There are 14 types of loan purpose. StringIndexer encodes a string column of labels to a column of label indices, and most frequent label gets index 0.

In [133]:
indexer = StringIndexer(inputCol="purpose", outputCol="purposeIndex")
loan_df4 = indexer.fit(loan_df3).transform(loan_df3).drop('purpose')

convert_list = [      
               'grade',
               'sub_grade',
               'verification_status',
#                'zip_code',
#                'addr_state',
#                'initial_list_status'
                ]

for item in convert_list:
    indexer = StringIndexer(inputCol=item, outputCol=item + 'Index')    
    loan_df4 = indexer.fit(loan_df4).transform(loan_df4).drop(item)

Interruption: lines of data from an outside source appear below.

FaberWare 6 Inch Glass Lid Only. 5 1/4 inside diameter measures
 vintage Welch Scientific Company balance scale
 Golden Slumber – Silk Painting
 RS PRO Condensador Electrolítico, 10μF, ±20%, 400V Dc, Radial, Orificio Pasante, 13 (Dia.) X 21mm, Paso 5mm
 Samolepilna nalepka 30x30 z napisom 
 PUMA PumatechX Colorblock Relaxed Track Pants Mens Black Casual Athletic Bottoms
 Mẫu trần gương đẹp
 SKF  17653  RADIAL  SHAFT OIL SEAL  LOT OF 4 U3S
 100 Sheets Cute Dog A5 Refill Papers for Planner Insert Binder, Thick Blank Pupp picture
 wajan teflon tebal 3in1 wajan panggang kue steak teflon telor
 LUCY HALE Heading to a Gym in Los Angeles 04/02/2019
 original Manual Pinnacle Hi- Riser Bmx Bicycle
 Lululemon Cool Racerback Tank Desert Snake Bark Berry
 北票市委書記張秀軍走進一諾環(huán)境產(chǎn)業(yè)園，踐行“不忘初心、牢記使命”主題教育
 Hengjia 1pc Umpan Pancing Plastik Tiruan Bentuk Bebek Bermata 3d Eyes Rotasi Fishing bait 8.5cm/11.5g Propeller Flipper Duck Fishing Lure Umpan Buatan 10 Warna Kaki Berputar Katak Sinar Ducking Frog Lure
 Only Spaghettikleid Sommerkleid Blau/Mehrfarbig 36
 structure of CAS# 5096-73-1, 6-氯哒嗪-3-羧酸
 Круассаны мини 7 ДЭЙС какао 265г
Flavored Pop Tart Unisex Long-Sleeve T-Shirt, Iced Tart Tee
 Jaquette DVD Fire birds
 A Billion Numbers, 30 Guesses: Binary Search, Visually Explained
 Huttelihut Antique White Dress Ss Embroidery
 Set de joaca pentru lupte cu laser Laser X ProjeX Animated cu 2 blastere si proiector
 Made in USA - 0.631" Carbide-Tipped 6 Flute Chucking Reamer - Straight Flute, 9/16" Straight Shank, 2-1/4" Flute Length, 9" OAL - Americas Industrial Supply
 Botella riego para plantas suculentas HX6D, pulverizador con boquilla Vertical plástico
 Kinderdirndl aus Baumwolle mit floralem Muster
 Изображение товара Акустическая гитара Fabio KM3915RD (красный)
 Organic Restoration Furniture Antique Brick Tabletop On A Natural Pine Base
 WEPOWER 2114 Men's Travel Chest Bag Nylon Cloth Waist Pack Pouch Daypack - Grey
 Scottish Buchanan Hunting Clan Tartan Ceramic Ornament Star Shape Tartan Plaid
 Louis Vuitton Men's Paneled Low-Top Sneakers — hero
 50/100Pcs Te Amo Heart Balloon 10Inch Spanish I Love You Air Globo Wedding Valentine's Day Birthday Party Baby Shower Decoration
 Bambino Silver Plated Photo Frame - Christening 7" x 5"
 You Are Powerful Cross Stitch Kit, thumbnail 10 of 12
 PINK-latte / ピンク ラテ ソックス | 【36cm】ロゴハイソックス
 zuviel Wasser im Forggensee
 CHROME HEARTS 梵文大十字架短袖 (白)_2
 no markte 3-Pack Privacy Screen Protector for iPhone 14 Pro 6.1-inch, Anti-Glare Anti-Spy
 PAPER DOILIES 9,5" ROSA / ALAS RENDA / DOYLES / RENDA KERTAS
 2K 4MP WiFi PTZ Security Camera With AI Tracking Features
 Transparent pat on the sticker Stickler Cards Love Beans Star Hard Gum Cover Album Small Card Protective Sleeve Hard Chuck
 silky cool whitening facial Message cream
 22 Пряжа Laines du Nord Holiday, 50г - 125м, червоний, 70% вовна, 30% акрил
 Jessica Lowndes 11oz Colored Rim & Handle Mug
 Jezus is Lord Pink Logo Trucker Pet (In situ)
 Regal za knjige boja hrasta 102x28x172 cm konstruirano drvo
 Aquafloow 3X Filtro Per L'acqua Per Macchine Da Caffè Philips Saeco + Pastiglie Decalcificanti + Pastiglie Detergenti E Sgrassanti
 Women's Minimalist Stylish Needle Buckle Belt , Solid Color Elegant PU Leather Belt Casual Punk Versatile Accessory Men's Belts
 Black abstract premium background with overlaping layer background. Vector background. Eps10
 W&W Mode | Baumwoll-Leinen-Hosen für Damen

####  3.3.2 Create a numeric feature for "emp_length"

In [192]:
import re
def convert_to_int(s):
    s = re.sub('\\D', '', s)
    
    try:
        return s
    except ValueError:
        return 'NaN'

def calculate_ratio(a, b):
    try:
        return a/float(b)
    except TypeError:
        return 'NaN'
    except ZeroDivisionError:
        return 'NaN'

def calculate_monthly_ratio(a, b):
    try:
        return a/(float(b)/12)
    except TypeError:
        return 'NaN'
    except ZeroDivisionError:
        return 'NaN'
    
emp_to_num = udf(convert_to_int)
ratio = udf(calculate_ratio)
monthly_ratio = udf(calculate_monthly_ratio)

loan_df5 = loan_df4.select('loan_amnt',
                           'int_rate',
                           'annual_inc',
                           'purposeIndex',
                           'installment',       
                           'gradeIndex',
                           'sub_gradeIndex',
                           'verification_statusIndex',
#                            'zip_code',
                           'dti',
                           'delinq_2yrs',
                           'inq_last_6mths',
                           'open_acc',
                           'pub_rec',
                           'revol_util',
                           'total_acc',
                           'acc_now_delinq',
#                            'addr_state',
#                            'initial_list_status',
                           'collections_12_mths_ex_med',
                           'tot_coll_amt',
                           'tot_cur_bal',
                           'total_rev_hi_lim',
                           ratio('loan_amnt','annual_inc').alias('loan_inc_ratio').cast('float'),
                           monthly_ratio('installment','annual_inc').alias('instal_inc_ratio').cast('float'),
                           emp_to_num('emp_length').alias('emp_length').cast('integer')
                           )

In [193]:
loan_df6 = loan_df5.fillna(0.0, ['tot_coll_amt','tot_cur_bal', 'total_rev_hi_lim'])

In [194]:
loan_df7 = loan_df6.dropna()

In [195]:
loan_df6.count()

256939

In [196]:
loan_df7.count()

246344

In [197]:
loan_df7.printSchema

<bound method DataFrame.printSchema of DataFrame[loan_amnt: int, int_rate: int, annual_inc: int, purposeIndex: double, installment: int, gradeIndex: double, sub_gradeIndex: double, verification_statusIndex: double, dti: float, delinq_2yrs: int, inq_last_6mths: int, open_acc: int, pub_rec: int, revol_util: float, total_acc: int, acc_now_delinq: int, collections_12_mths_ex_med: int, tot_coll_amt: float, tot_cur_bal: float, total_rev_hi_lim: int, loan_inc_ratio: float, instal_inc_ratio: float, emp_length: int]>